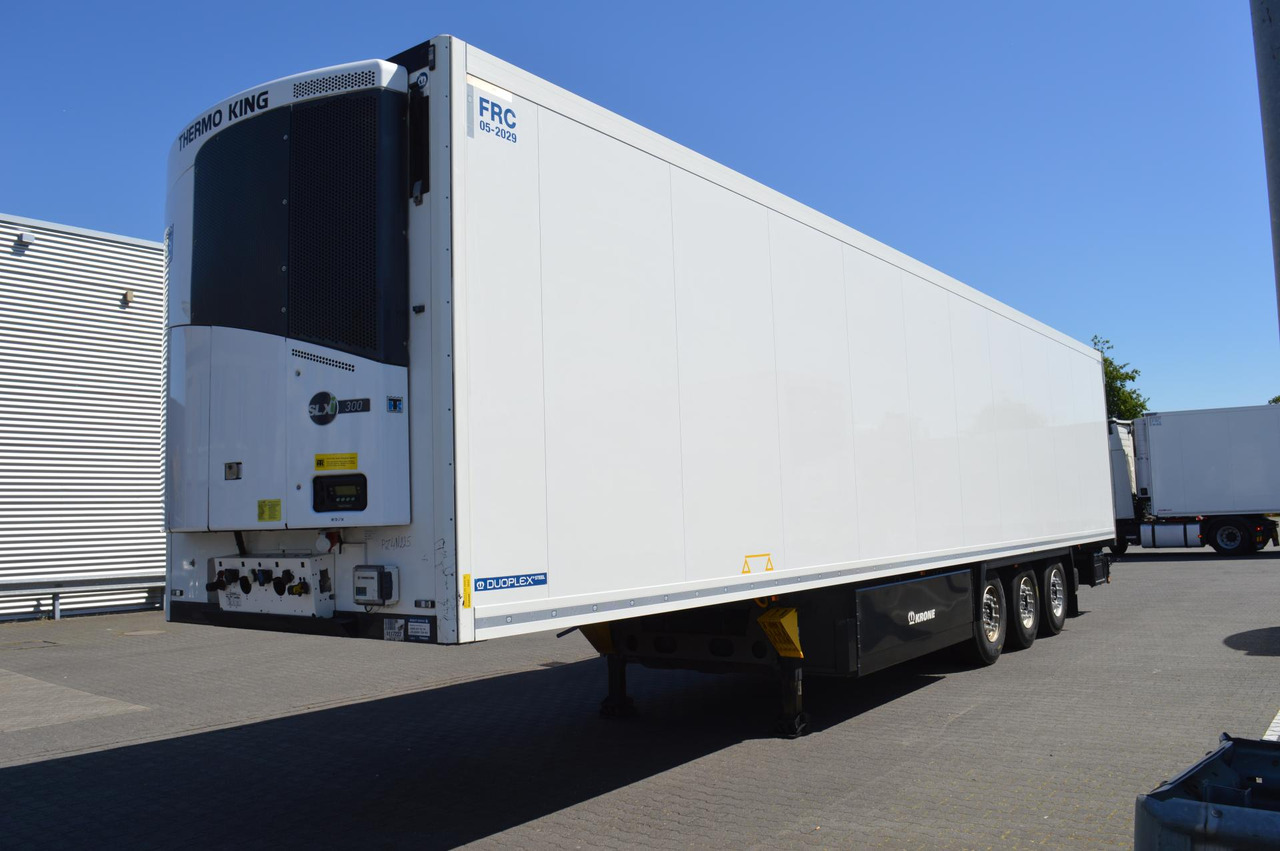 Krone SDR Cool Liner FP 60 ThermoKing SLXi 300 - Semi-remorque frigorifique: photos 1 Krone SDR Cool Liner FP 60 ThermoKing SLXi 300 - Semi-remorque frigorifique: photos 1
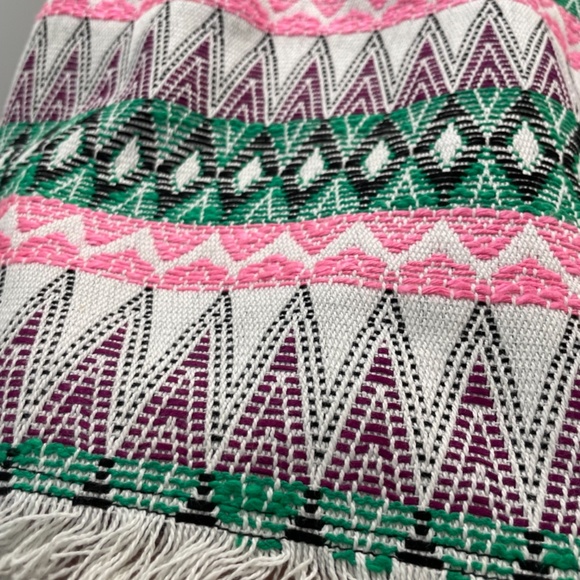 Milly mini skirt - embroidered with raw hem - Picture 3 of 4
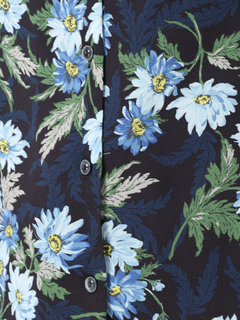 JUDY COLLECTION(ジュディコレクション) |デイジープリント ブラウス シャツ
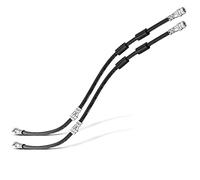 Frankberg 2x Flexible de Freins Vorne Compatibles avec A3 8V1 8VK 8VE 1.0L-2.0L 2012-Aujourd'hui Oct.avia III 5E3 NR3 1.0L-2.0L 2012-Aujourd'hui Golf VII 5G1 BE1 BQ1 1.0L-2.0L Replacer# 5Q0611701C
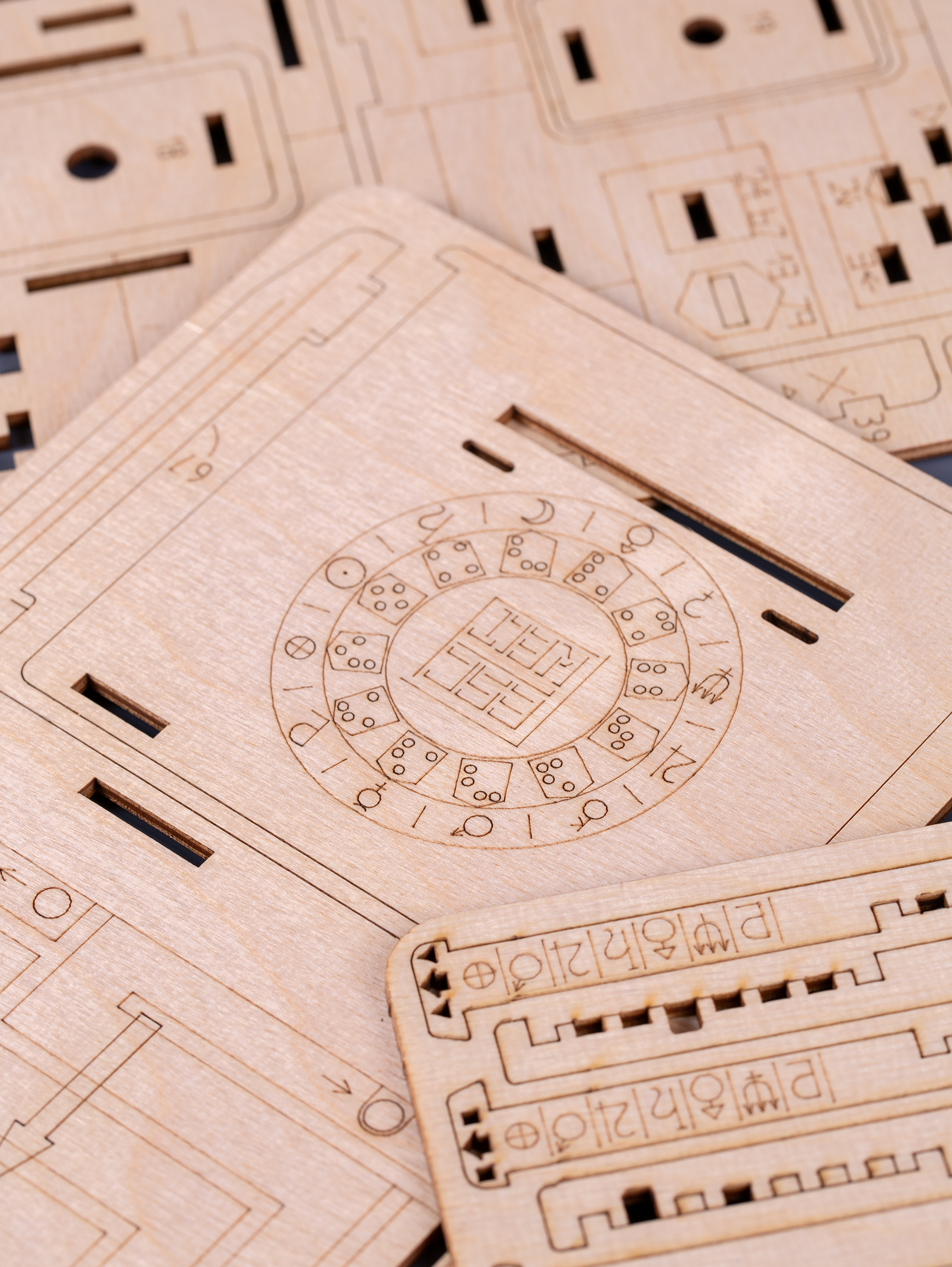 Настольная игра EscapeWelt Космический бокс DIY - фото 6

• • •

◆ What the task asks ◆
Repeat the entries exactly, pictures left out.

◆ Answer to this task ◆
 Krone SDR Cool Liner FP 60 ThermoKing SLXi 300 - Semi-remorque frigorifique: photos 1 Krone SDR Cool Liner FP 60 ThermoKing SLXi 300 - Semi-remorque frigorifique: photos 1
 Milly mini skirt - embroidered with raw hem - Picture 3 of 4
 JUDY COLLECTION(ジュディコレクション) |デイジープリント ブラウス シャツ
 Frankberg 2x Flexible de Freins Vorne Compatibles avec A3 8V1 8VK 8VE 1.0L-2.0L 2012-Aujourd'hui Oct.avia III 5E3 NR3 1.0L-2.0L 2012-Aujourd'hui Golf VII 5G1 BE1 BQ1 1.0L-2.0L Replacer# 5Q0611701C
 Настольная игра EscapeWelt Космический бокс DIY - фото 6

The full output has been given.